Parkinisim: Early attempts to prolong the actions of dopamine in the brain by administration of monoamine oxidase inhibitors were unsuccessful because of intolerable side effects and the risk of potentially catastrophic hypertension. However, the discovery that monoamine oxidase (MAO) exists in at least 2 forms, A and B, and the realization that dopamine in the brain is metabolized predominantly by MAO-B led to the identification of selegiline, which could delay oxidative diminution of dopamine in the brain without provoking a `cheese-reaction'. (1) When given to patients experiencing fluctuations in levodopa's effect due to `wearing-off' or `end-of-dose' effects selegiline ameliorates the fluctuations in about 50 to 70% of patients, and permits a reduction in levodopa dosage of up to about 30%. (2,3) However the benefit is usually modest, and declines after 6 to 12 months in most patients with complete loss of benefit usually in 12 to 24 months. (2) More severe fluctuations in mobility associated with the `on-off' effect in advanced Parkinsonism are unlikely to respond to adjuvant selegiline. (3) More recently much interest and controversy has surrounded the possibility that selegiline given in early Parkinson's disease may retard disease progression. Several uncontrolled studies had reported that long-term administration of selegiline with levodopa prolonged the period of responsiveness to the latter and resulted in increased life expectancy of parkinsonian patients. (4,5) Furthermore, a theoretical basis for benefit exists in the model of Parkinsonism caused by methylphenyltetrahydropyridine (MPTP) which relies on conversion by monoamine oxidase type B to the active methylphenylpyridinium (MPP (+)) radical to produce damage to the striatum. (3,6) More recently, controlled studies by Tetrud and Langston (in 54 patients) (7) and by the Parkinson Study Group (the DATATOP study, involving 800 patients) (8) have shown a significant prolongation in the time to reach a level of disability requiring commencement of levodopa therapy. Although some critics have suggested that selegiline is simply providing symptomatic relief in disease which continues to progress (9-11) the promising preliminary results have been suggested by others to justify the prescription of selegiline 10 mg daily to patients, especially younger ones, in the early stages of Parkinson's disease, in the hope of impeding progression. (12)

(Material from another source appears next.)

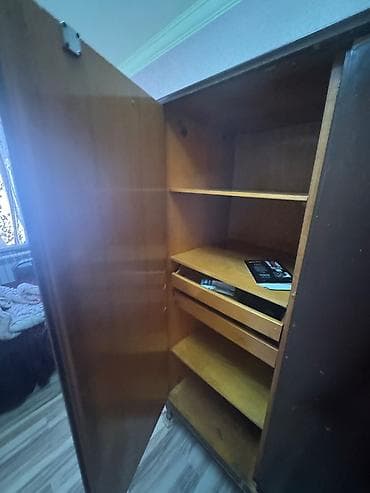 Другая мебель: Гардеробный шкаф — 1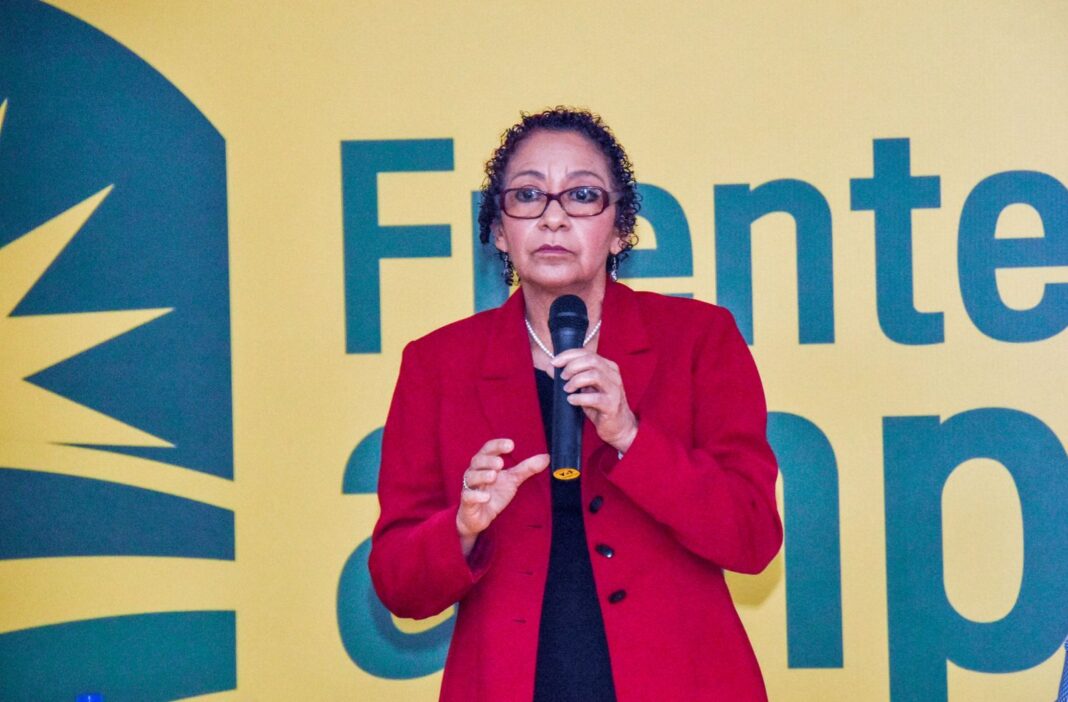 Frente Amplio rechaza expulsión de diplomáticos cubanos y exige transparencia al Gobierno dominicano Frente Amplio rechaza expulsión de diplomáticos cubanos y exige transparencia al Gobierno dominicano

- Anonymous. Deprenyl in Parkinson's disease. Lancet 1982- ii: 695-6.
- Anonymous. Pergolide and selegiline for Parkinson's disease. Med Lett Drugs Ther 1989- 31: 81-
- Golbe LI, et al. Selegiline and Parkinson's disease: protective and symptomatic considerations. Drugs 1990- 39: 646-51.
- Birkmayer W, et al. (-)-Deprenyl leads to prolongation of L-Dopa efficacy in Parkinson's disease. Mod Probl Pharmacopsychiatry 1983- 19: 170-6.
- Birkmayer W, et al. Increased life expectancy resulting from addition of L-deprenyl to Madopar treatment in Parkinson’s disease: a long term study. J Neural Transm 1985- 64: 113-27.
- Steventon G, et al. Monoamine oxidase B and Parkinson's disease. Lancet 1990- 335: 180. 7.